[Skim-read] Generative Modeling by Estimating Gradients of the Data Distribution

Featured Image

Overview

This paper introduce a new generative model where samples are produced via Langevin dynamics using gradients of the data distribution estimated with score matching. And it is important to learn Score-Based generative network and Ito diffusion SDE. In this paper, the training and inference phases are analyzed separately and solutions are proposed for different problems. Different levels of noise are used during training to overcome the problem that gradients can be ill-defined and hard to estimate when the data resides on low-dimensional manifolds. For sampling, we propose an annealed Langevin dynamics where we use gradients corresponding to gradually decreasing noise levels as the sampling process gets closer to the data manifold. The models in this paper produce samples comparable to GANs on MNIST, CelebA and CIFAR-10 datasets, achieving a new state-of-the-art inception score of 8.87 on CIFAR-10.

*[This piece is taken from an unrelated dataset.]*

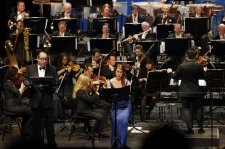 Orchester und Solisten der Musikalischen Komödie © Ida Zenna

Score-based Generative Modeling

Defination of Score

Suppose our dataset consists of i.i.d. samples $\{ \mathbf{x}_i \in \mathbb{R}^D \} _ {i=1} ^N$ from an unknown data distribution $p_\text{data}(\mathbf{x})$.

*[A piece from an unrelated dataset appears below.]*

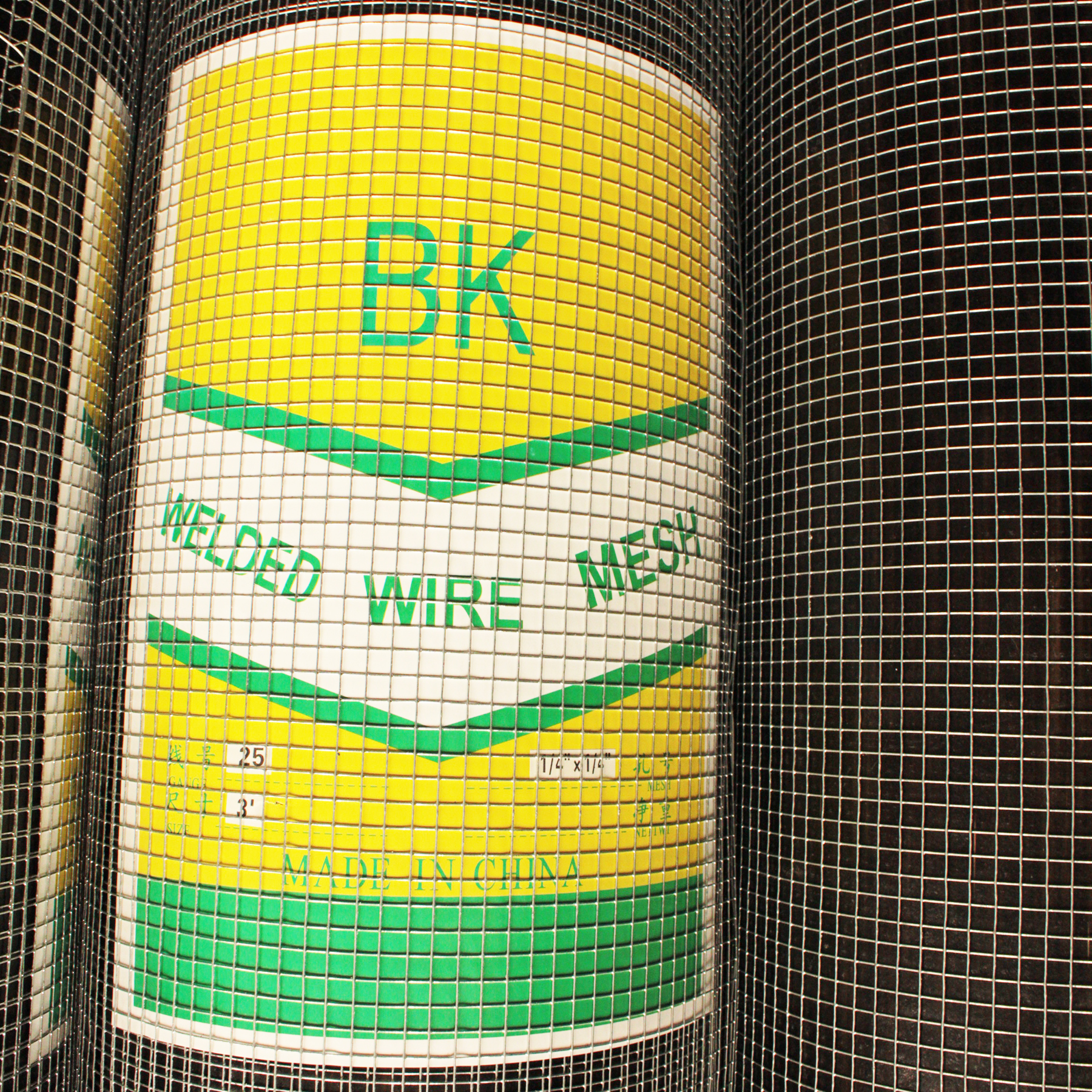 ตาข่ายลวดตาสี่เหลี่ยมขนาด1/4" ความสูง90ซม.ยาว30เมตร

  • We define the score of a probability density $p(\mathbf{x})$ to be $\nabla_\mathbf{x}\log p(\mathbf{x})$.
  • The score network $\mathbf{s}_\mathbf{\theta}:\mathbb{R}^D \to \mathbb{R}^D$ is a neural network parameterized by $\mathbf{\theta}$, which will be trained to approximate the score of $p_\text{data}(\mathbf{x})$

The goal of generative modeling is to use the dataset to learn a model for generating new samples from $p_\text{data}(\mathbf{x})$. The framework of score-based generative modeling has two ingredients: score matching and Langevin dynamics.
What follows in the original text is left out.